Acorda-se comendo, almoça-se entre 13 e 17 horas, lancha-se às 17, logo se adequa ao horário em outro restaurante senão aquele refinado para o qual estamos destinados, com mesa marcada, e, então, às 19, faz-se a chamada "boquinha", depois cumpre-se o ritual do jantar de lugar marcado, às 23, e se conseguir, ceia-se à 1 da manhã. Além disso, há os "fast-food". A churrascaria. A padaria e doceria. Há, ainda, a pizzaria, pois, no navio, tudo pode acabar em pizza e ninguém reclama, nem os de bombordo, nem os de boreste. Quer dizer: há razões sobejas para quem quiser passar o dia comendo. Basta ir peregrinando de restaurante em restaurante. É como se uma pessoa tivesse liberdade de entrar em um shoppinge e comer quatro dias em todos os restaurantes de todas as praças de alimentação.

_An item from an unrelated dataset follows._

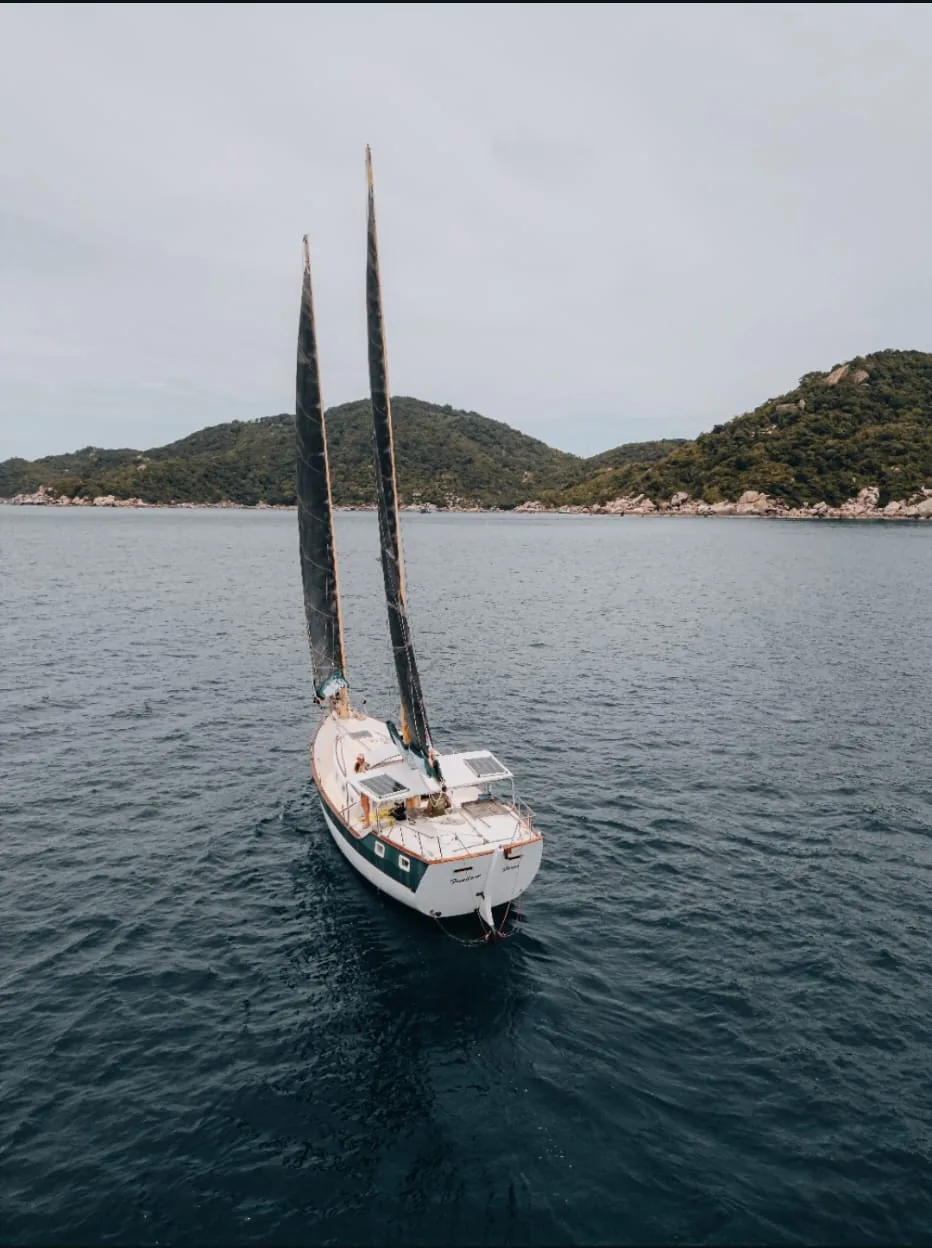 SV Freedom Fargo under sail off Koh Tao during a four-hour daytime snorkeling cruise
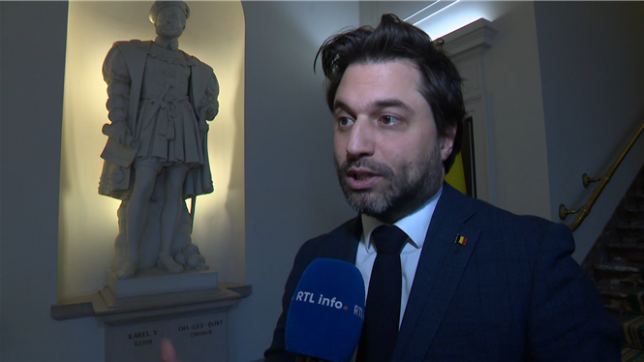 Pensions, salaires, chômage : les principales mesures de la dernière supernote de Bart De Wever touchent au portefeuille. Cette supernote n'a pas été bien accueillie par Vooruit, ni, dans une moindre mesure, par Les Engagés et le CD&V. Les présidents de partis réagissent.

Creio mesmo que se o Valle ( o Acilino) tivesse viajado, teria engordado bem umas cem gramas e criado uma rotunda barriguinha, como naquela vez em que engoliu um caroço de azeitona no coquetel do CIMAN.

Podemos sintetizar: quem se cuida, quem gosta de comer pouco, de fazer dieta a sério, etc, quer dizer, quem se segura, se controla, fica na classe dos que comeram nada menos do que muito .

Quem não teve essas preocupações, esteja certo: comeu MUITO, em todo o cruzeiro.

Bem, retornando ao programa do dia 25, com a questão das bagagens e da arrumação das suítes, o primeiro almoço do cruzeiro, realizado em quaisquer dos restaurantes, caracterizou-se pelas longas filas, pela disputa de mesas e, por vezes, de cadeiras.

Mas a refeição era farta e saborosa. O que justificava a "rep".

Logo se aprendeu que casal não repete prato, ao mesmo tempo. Um entra na fila, serve-se da "rep", enquanto o outro se posta de sentinela à cadeira e ao talher, antes que desapareçam.

O aprendizado levou a que, nos self-services, o hábito de servir-se primeiro de salada, entrada, depois voltar para se servir de um prato, depois retornar para complementar seu serviço, teria de ser reformulado, pois a cada retorno, teria de enfrentar uma grande fila. Talvez, por esse motivo, em refeições futuras, observávamos algumas pessoas que tinham seus rostos escondidos pela altura do prato servido. Isto não ocorria no Restaurante Caravelle, servido à la Carte, onde não havia fila. Mas observava-se que para satisfação de seus usuários normais, a preferência da maioria era pelo self-service, apesar de volume de clientes.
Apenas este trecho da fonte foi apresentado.